Смена времен меняла нас – меняла на глазах. И вот перед заматеревшим Кумиром в 80-х годах XX-го столетия стояла уже зрелая женщина (мне перевалило за 30 лет), мы деловито прохаживались вдоль светлого фойе, где играли шахматисты, и каждый из нас излагал собственные взгляды на задачи Поэзии. Вознесенский обмолвился вскользь, что дружба его с Евгением Евтушенко окончилась тем, что они – бывшие кореши – перестали здороваться. Я с недоумением взглянула на Кумира: зачем он говорит мне об этом, ведь я никак не могу быть судьей ни в их распре, такой обыкновенной в богемной среде, ни судьей кому бы то ни было из них. Я полагала, что у двух выдающихся поэтов Советской России существовала собственная правота, и каждый имел право быть таким, каким хотел. Вознесенский мгновенно поймал мое недоумение и переключился на теоретические высказывания насчет милого его душе Поп-Арта. Я видела в хаотизме и разрушительности Поп-Арта жажду Вознесенского отомстить давнему Хрущевскому издевательству, месть Прошлому за травлю, гонения. Вознесенский никак не мог ни забыть, ни простить унижений своего писательского и человеческого достоинства. Я сочувствовала Кумиру, поскольку находилась в 80-ые годы гораздо более в трудном положении, но не считала нужным обсуждать свои трудности даже с ним. Тем не менее, Поп-Арт с его цинизмом был чужд мне, и я с сожалением отмечала в Кумире эту казавшуюся мне самоубийственной для творчества гениального поэта тягу к пропасти да тешила себя надеждой, что я ошибаюсь.

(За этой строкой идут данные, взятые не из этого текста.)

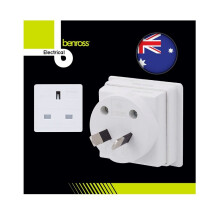 Australia Travel Adapter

Андрей Андреевич всегда пристально вглядывался в меня, угадывая то, что я хотела бы сказать. (Эта его гениальная способность поразила меня в момент знакомства в 1967-ом году.) Вознесенский вглядывался в меня и произносил в свое оправдание: «Но ведь есть еще и закон фантастической достоверности, ирреальной правды – ты же сама это знаешь и пользуешься этим законом напропалую! Что ж ты вдруг замолчала? Поэты нуждаются в ласковом одобрении всегда, это еще Маркс писал. Разве ты не читала у Маркса?
- Нет, - отрезала я. – Маркс – это чтиво не для меня.
- В самом деле, - раздумчиво произнес Вознесенский, взглянув на часы, - поэту всегда не хватает доброжелательного критика. Не такого, чтоб либо елеем мазал, либо дерьмом. Нет, тоскуется по содружеству поэта с теоретиком, как это было у Квятковского с твоим любимым Сельвинским.
- Пожалуй, Вы правы, Андрей Андреевич, - вздохнула я, - да где  ж теперь в нашем литературном Соцреализме сыщешь подобный дуэт? Одни идеологические схватки между собой, - ничего, кроме идеологии.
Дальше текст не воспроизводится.